In White v. Crook (1966), the U.S. District Court for the Middle District of Alabama found that jury commissioners had violated the 14th Amendment, which prohibits sex and racial discrimination. White v. Crook was initially filed in 1965 following the murder of Jonathan Daniels, a young, white student at Harvard Divinity School. The American Civil liberties Union (ACLU) filed a civil lawsuit against Lowndes County Jury Commission of Alabama, utilizing Gardenia White, a black woman, as their lead plaintiff. Created by Charles Morgan, the lead civil rights lawyer on this case, charges argued that the systemic exclusion of potential jurors based on race and sex violated the 5th, 6th and 7th amendments, as well as the 14th Amendment's Due Process and Equal Protections Clause.

On August 20, 1965, Jonathan Daniels, Dick Morris, Ruby Sales and Joyce Bailey were released from jail in Hayneville, Alabama, following their unlawful arrests after participating in protests at white-only stores. Morris was a white Catholic priest, while Sales and Bailey were both black females activists. After their release, the four of them entered a near-by store where they encountered Tom Coleman, a middle-aged white volunteer deputy sheriff. Coleman aimed to shoot and kill Sales, however Daniels' timely sacrifice saved Sales, ultimately resulting in his own death. Although Strauder v. West Virginia (1888) prohibits the exclusion of black men from juries due to the Equal Protection Clause of the 14th Amendment, juries remained disproportionately stacked to increase the rate of exoneration amongst white offenders. Moreover, as of 1965, Alabama was one of only three remaining states legally banning women from participating in jury duty.

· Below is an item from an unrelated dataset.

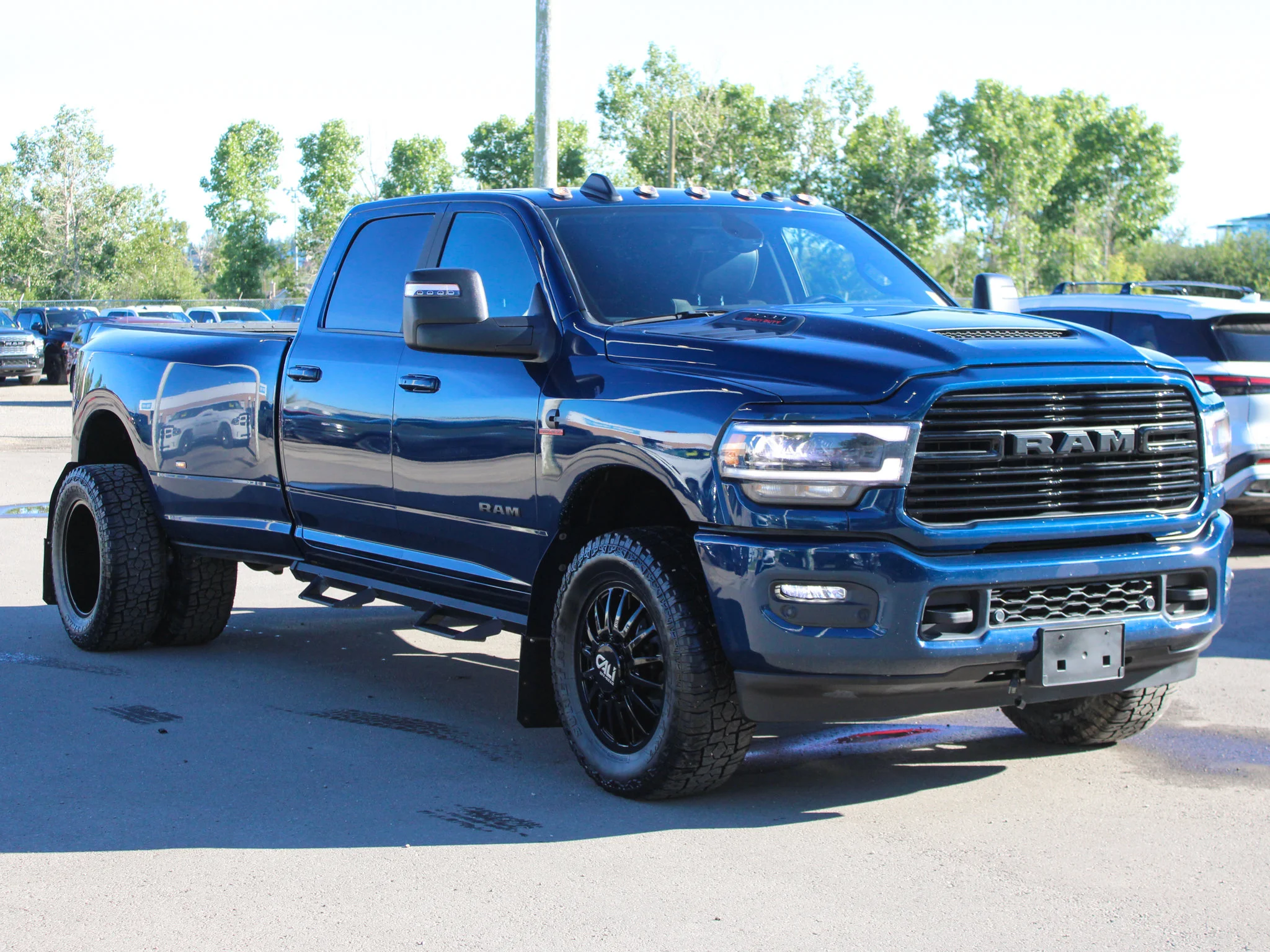 Certified Used 2024 Blue RAM Laramie* | Diesel | 5th Wheel & Gooseneck | Apple CarPlay | 3M PPF | Night Edition image 9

Once the initial lawsuit was filed, the Department of Justice became involved, calling for the release of the Lowndes Country Jury's records that may reveal the exclusions of potential black jury participants. While the claims most directly addressed the race-based discrimination, they implied that sex-based discrimination was equally as unjust and functioned similarly. Morgan and the ACLU faced three judges, Richard T Rives, Frank M Johnson, and Clarence Allgood, on their path through the legal system. Rives was known for helping make key decisions regarding Brown v. Board of Education (1954) and Johnson found the segregation within the transportation of Montgomery, Alabama to be unconstitutional, enforcing Brown v. Board of Education (1954), but Allgood was an intense segregationist.

Despite this, on February 7, 1966, the judges ruled that discrimination based on race and sex were in fact present and that the exclusion of women and African Americans from the Lowndes County jury violates the 14 Amendment's Equal Protection Clause, therefore it is unconstitutional. Since this victory mainly addressed the race-based discrimination claims, Murray and Kenyon maintained their status within the ACLU to further scrutinize and showcase the sex-based discrimination in hopes to achieve similar success, but they were ultimately less successful. It was not for another five years, in Reed v. Reed (1971), where courts ruled that the 14th amendment must prohibit gender-based discrimination as it violates the Equal Protection Clause.